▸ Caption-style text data
☆ ☆ ☆ ☆ ☆ ☆ ☆

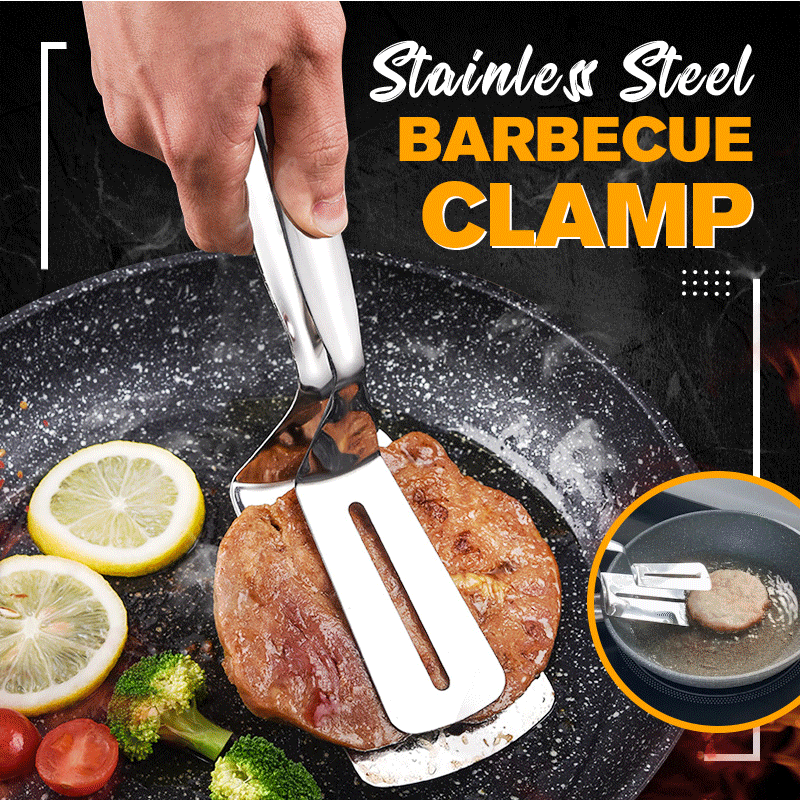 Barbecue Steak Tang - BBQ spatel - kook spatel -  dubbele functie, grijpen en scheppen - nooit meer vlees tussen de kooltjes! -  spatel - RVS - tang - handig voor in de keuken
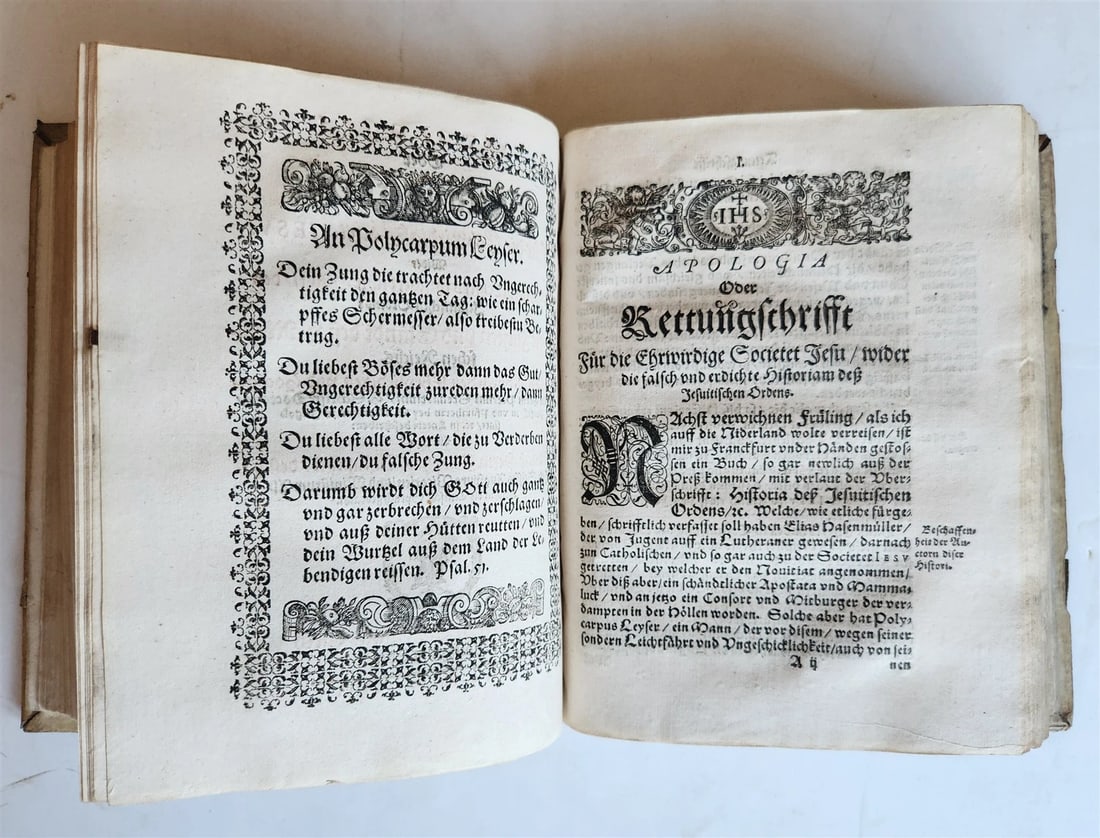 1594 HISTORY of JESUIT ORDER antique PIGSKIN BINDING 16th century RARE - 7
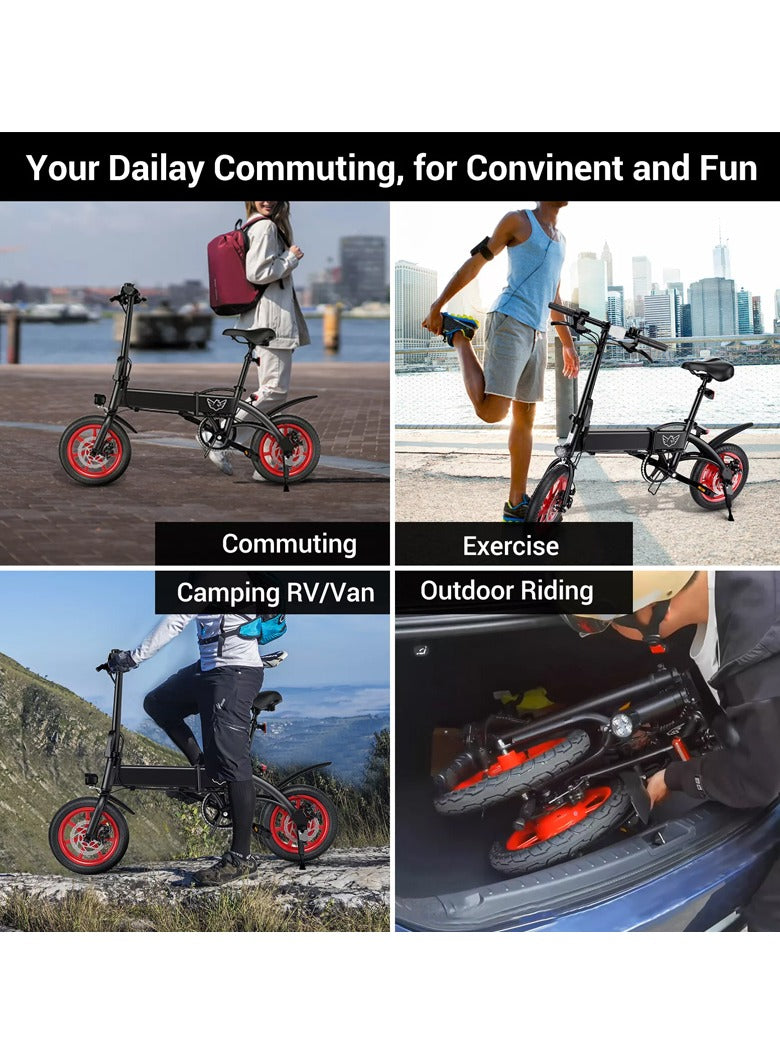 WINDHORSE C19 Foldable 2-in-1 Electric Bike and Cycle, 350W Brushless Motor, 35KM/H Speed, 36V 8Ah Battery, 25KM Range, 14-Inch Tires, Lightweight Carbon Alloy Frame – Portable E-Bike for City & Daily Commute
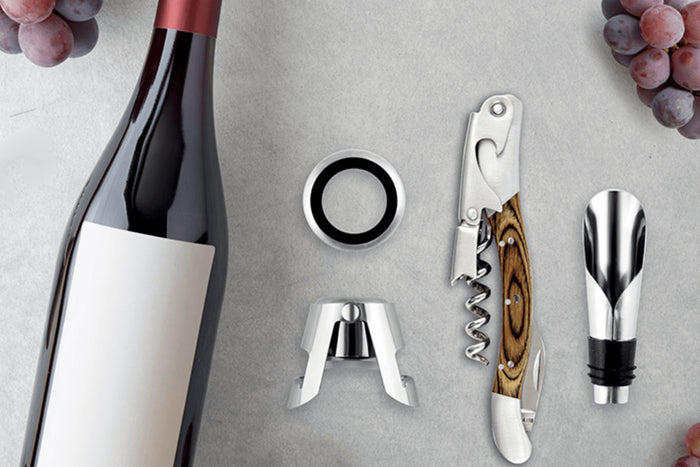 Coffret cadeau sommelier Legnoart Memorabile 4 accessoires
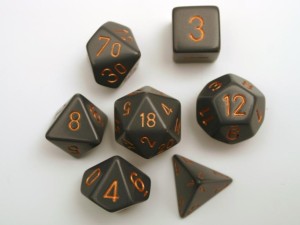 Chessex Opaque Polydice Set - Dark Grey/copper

☆ ☆ ☆ ☆ ☆ ☆ ☆

Omitting the images, output each record precisely as written.

 Barbecue Steak Tang - BBQ spatel - kook spatel -  dubbele functie, grijpen en scheppen - nooit meer vlees tussen de kooltjes! -  spatel - RVS - tang - handig voor in de keuken
 1594 HISTORY of JESUIT ORDER antique PIGSKIN BINDING 16th century RARE - 7
 WINDHORSE C19 Foldable 2-in-1 Electric Bike and Cycle, 350W Brushless Motor, 35KM/H Speed, 36V 8Ah Battery, 25KM Range, 14-Inch Tires, Lightweight Carbon Alloy Frame – Portable E-Bike for City & Daily Commute
 Coffret cadeau sommelier Legnoart Memorabile 4 accessoires
 Chessex Opaque Polydice Set - Dark Grey/copper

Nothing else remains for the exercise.